I have my own script using the trainer, like below and execute it with python -m torch.distributed.launch --nproc_per_node 4.

When running the script I can see that the model is split across the 4 GPUs with the fsdp setting below. However, the per_device_train_batch_size loads 4 samples (1 per card) in each step so I get an OOM. I am wondering is it possible to only load one sample total in each step when using 4GPUs, instead of one sample per card.

Let me know if it is better to post this in the pytorch forums.

Thanks!

P.s. I initially asked this question on a model Communities tab here, but I guess it is better suited to the forums.

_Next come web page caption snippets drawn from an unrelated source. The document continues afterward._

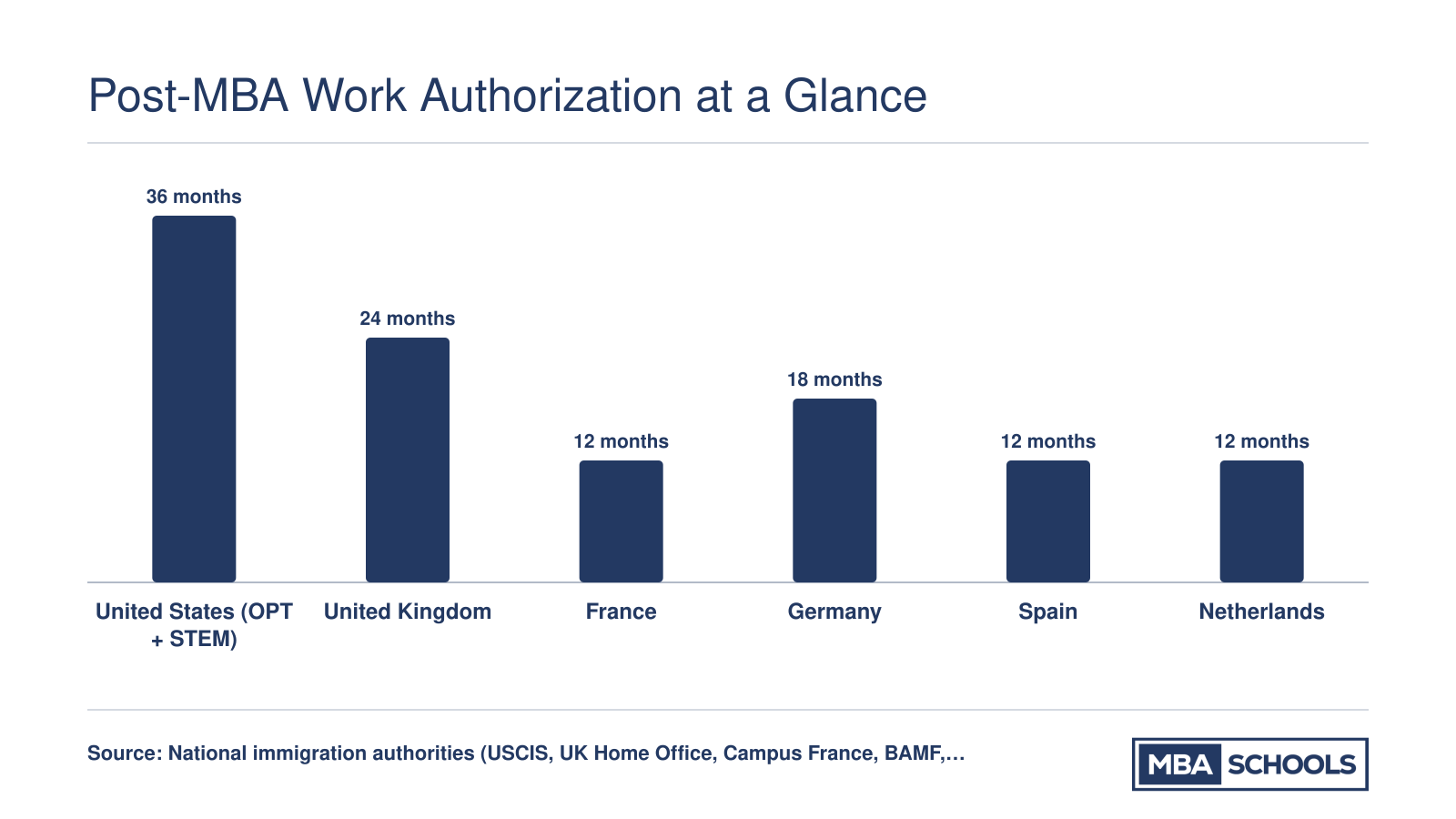 Post-MBA work permit durations in months: U.S. 36, UK 24, Germany 18, France 12, Spain 12, Netherlands 12 as of 2026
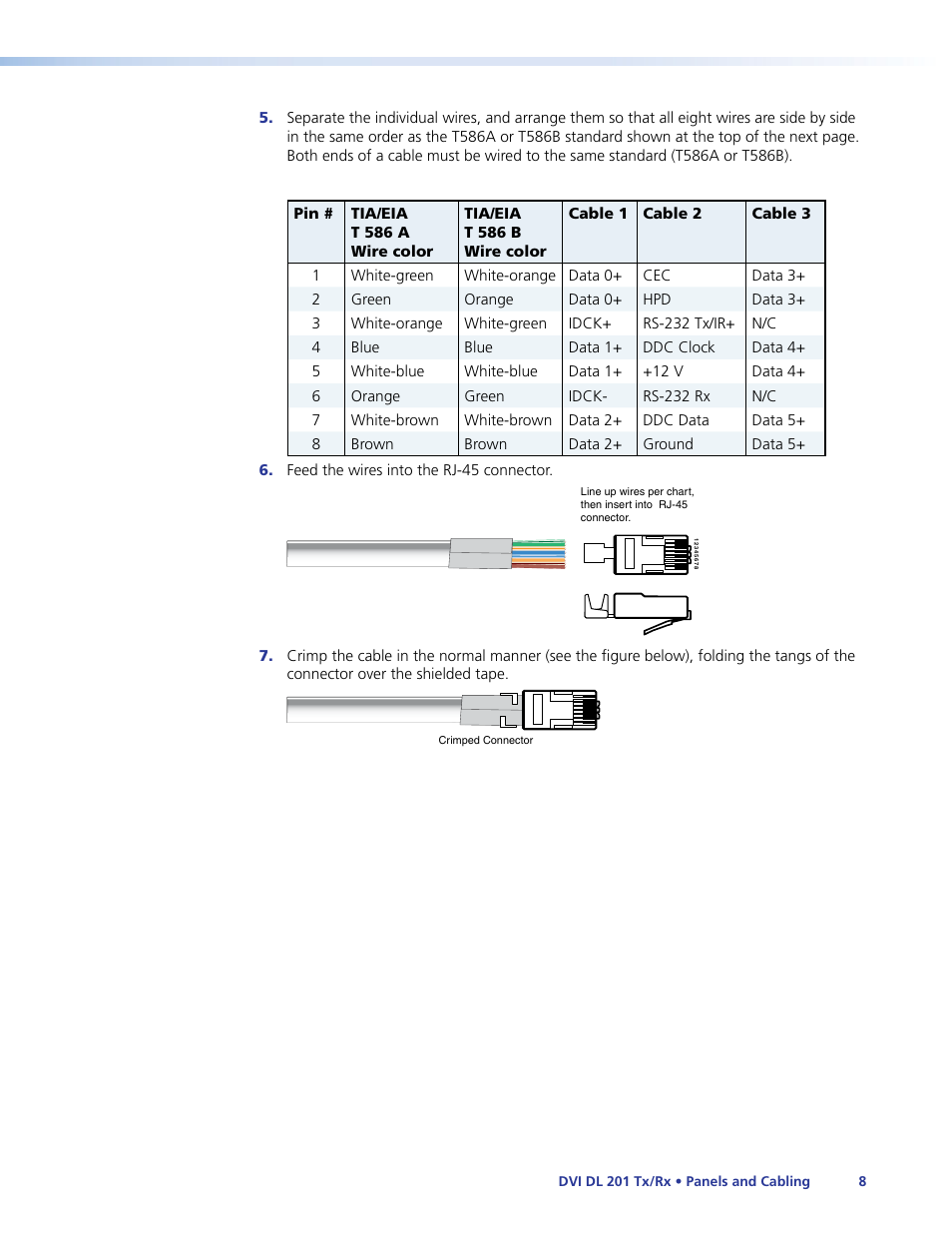 Extron Electronics DVI DL 201 Tx_Rx User Guide User Manual | Page 14 / 32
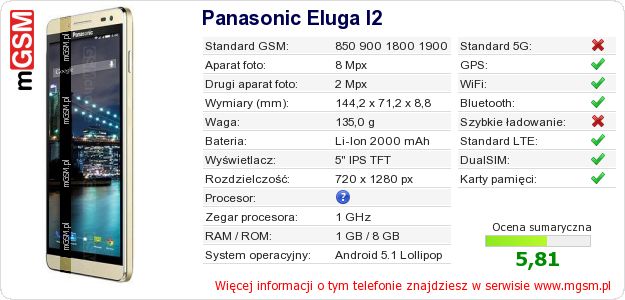 Dane telefonu Panasonic Eluga I2 Dane telefonu Panasonic Eluga I2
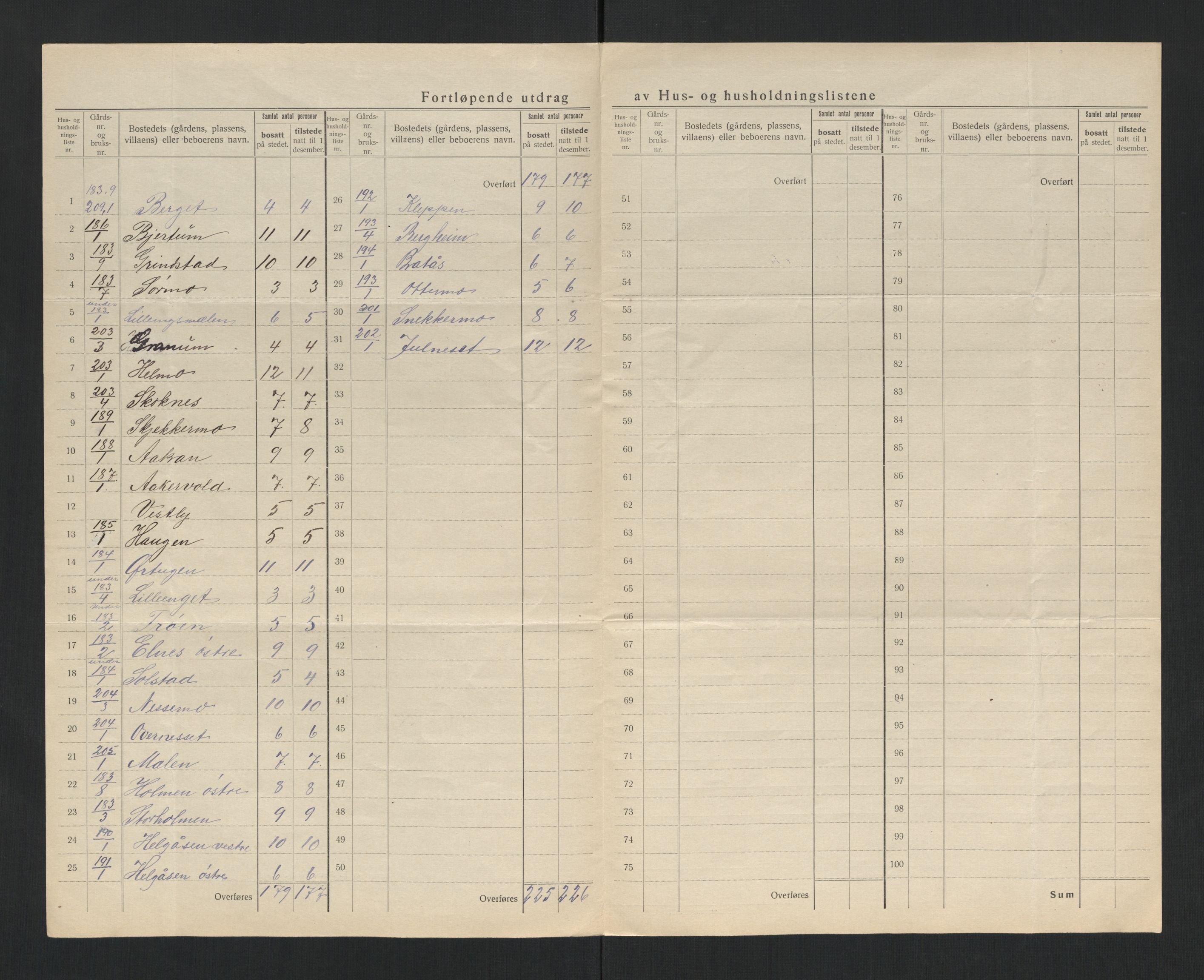 SAT, 1920 census for Verdal, 1920, p. 49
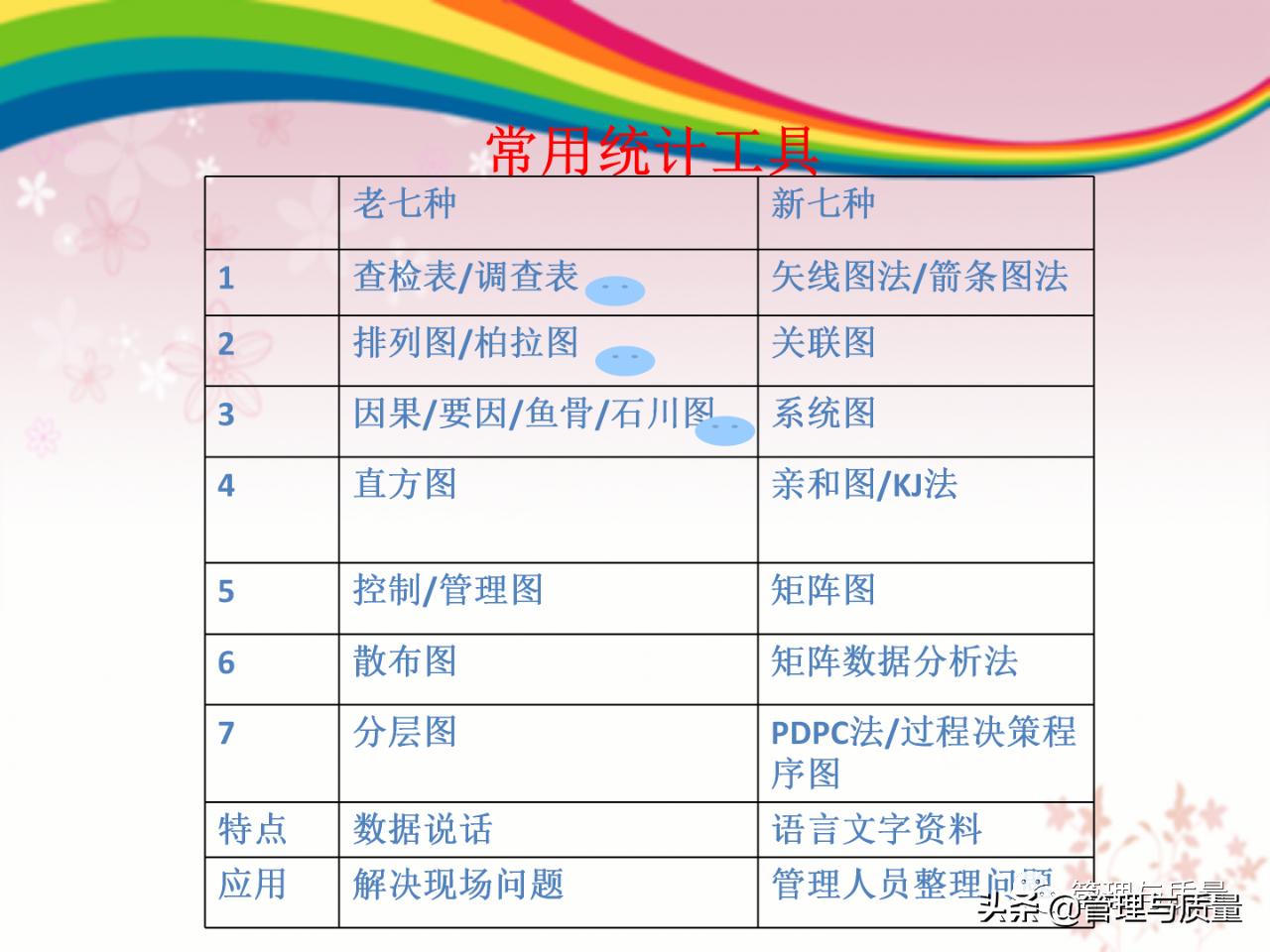 如何去讲解品管圈ppt,品管圈ppt制作教程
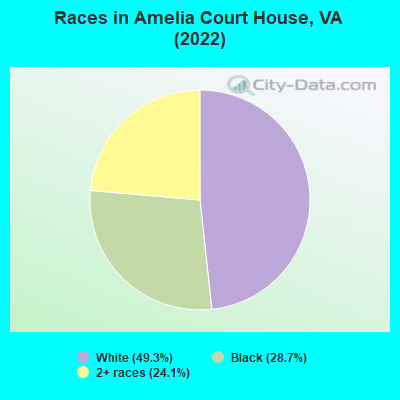 Races in Amelia Court House, VA (2022)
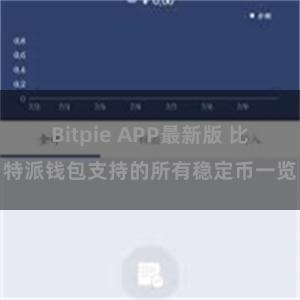 Bitpie APP最新版 比特派钱包支持的所有稳定币一览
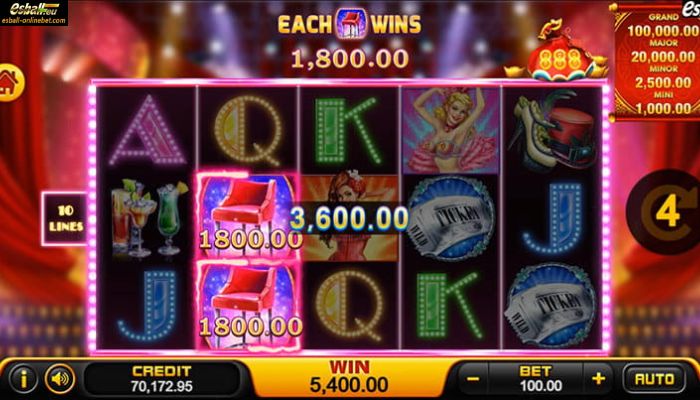 PlayStar Burlesque 2 Big Win PlayStar Burlesque 2 Big Win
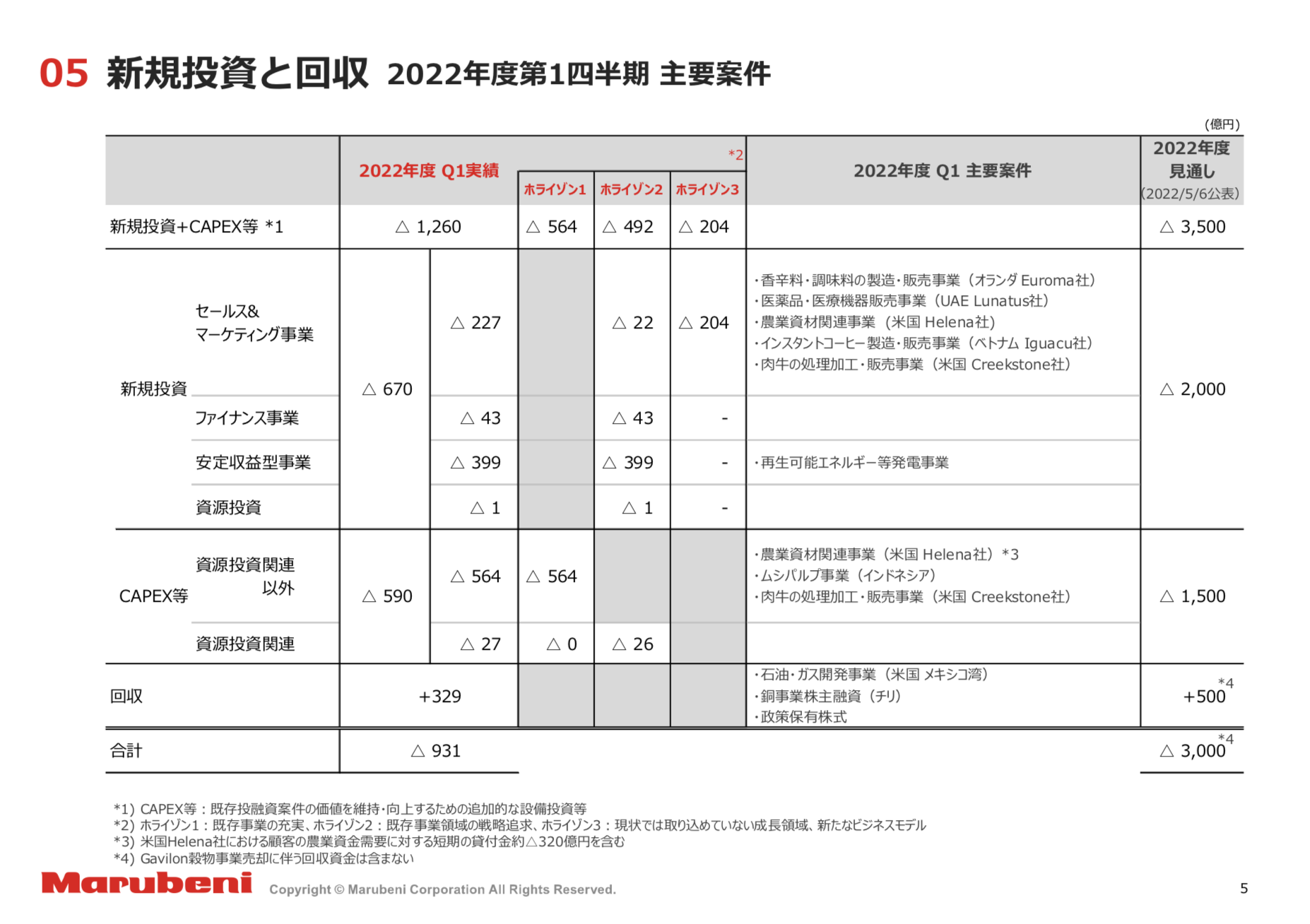 丸紅 2022年度1Q決算を徹底解説！ さとり世代の株日記 資産運用 株 投資 資産形成 株式投資 海外駐在 徒然草 松井証券 三菱商事 三井物産 住友商事 伊藤忠商事 丸紅 双日 豊田通商 総合商社 オリックス KDDI 信越化学工業 シンディア 高配当 住友化学 日産化学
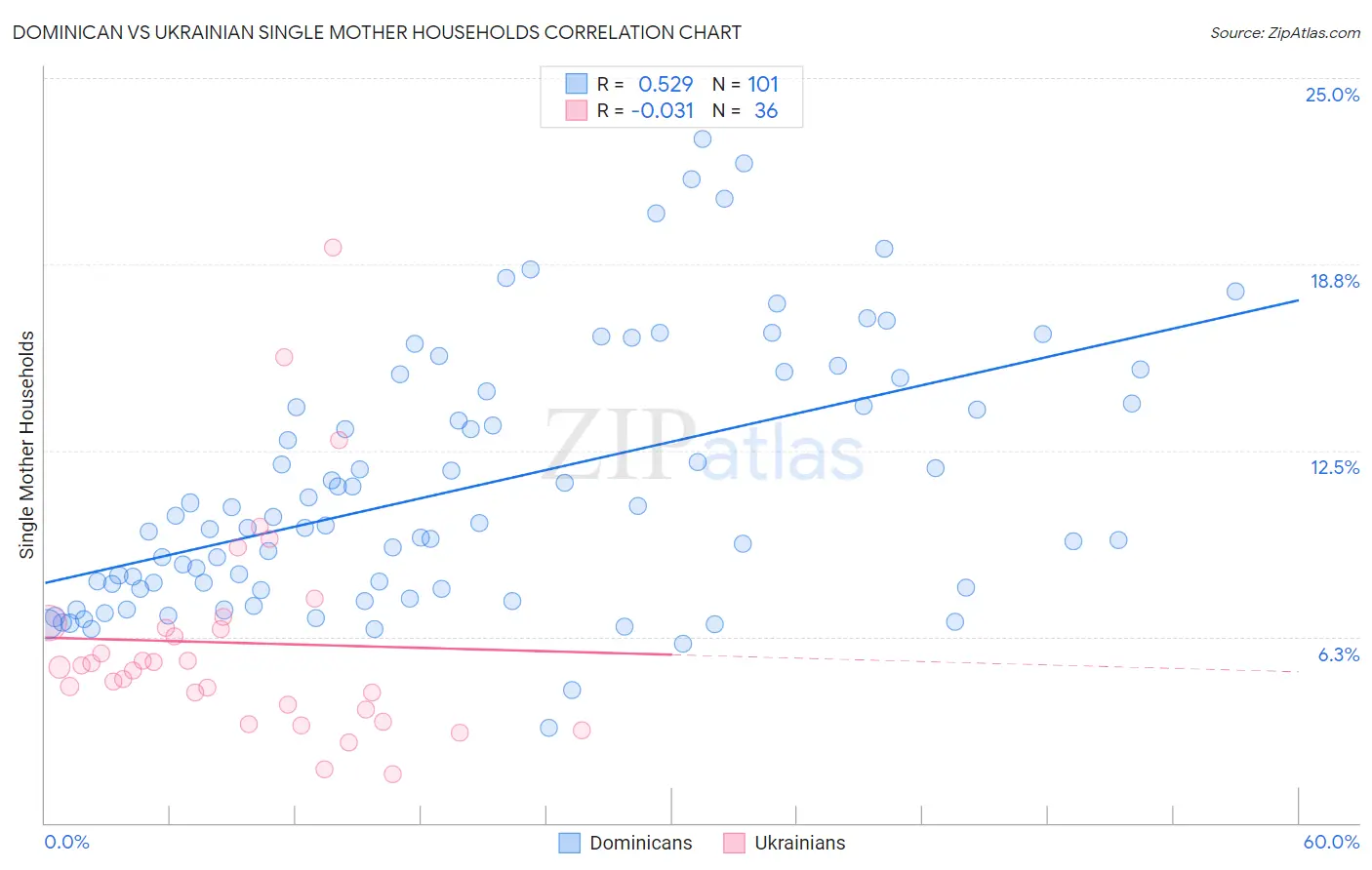 Dominican vs Ukrainian Single Mother Households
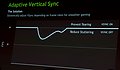 nVidia GeForce GTX 680  "Adaptive Vertical Sync"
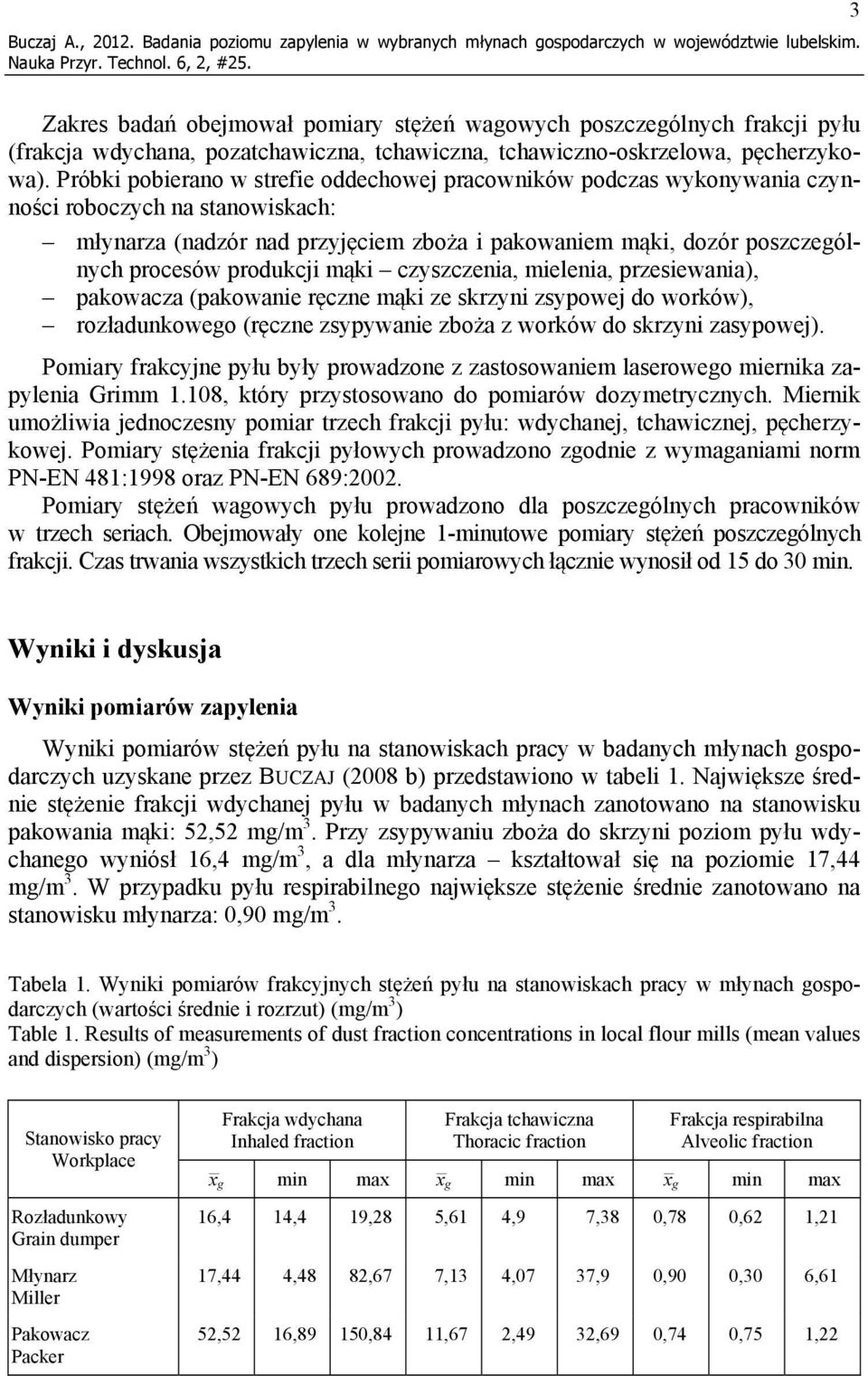 Próbki pobierano w strefie oddechowej pracowników podczas wykonywania czynności roboczych na stanowiskach: młynarza (nadzór nad przyjęciem zboża i pakowaniem mąki, dozór poszczególnych procesów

training_args = TrainingArguments(
    output_dir=args.outdir,
    overwrite_output_dir=True,
    save_total_limit=1,
    do_train=True,
    do_eval=False,
    do_predict=True,
    num_train_epochs=args.epochs,              # total number of training epochs
    per_device_train_batch_size=1,  # batch size per device during training
    per_device_eval_batch_size=1,   # batch size for evaluation
    gradient_accumulation_steps = 256,
    warmup_ratio=0.1,                # number of warmup steps for learning rate scheduler
    weight_decay=0.01,               # strength of weight decay
    logging_dir=args.logdir,            # directory for storing logs
    logging_steps=10,
    evaluation_strategy="epoch",
    save_strategy="epoch",
    load_best_model_at_end=True,
    report_to="none",
    learning_rate=args.learning_rate,
    seed=99,
    local_rank=os.environ['LOCAL_RANK'],
    dataloader_num_workers = 16,
    gradient_checkpointing=True,
    lr_scheduler_type="cosine",
    fsdp='shard_grad_op', 
    fp16 = True if platform.system()!='Darwin' else False
)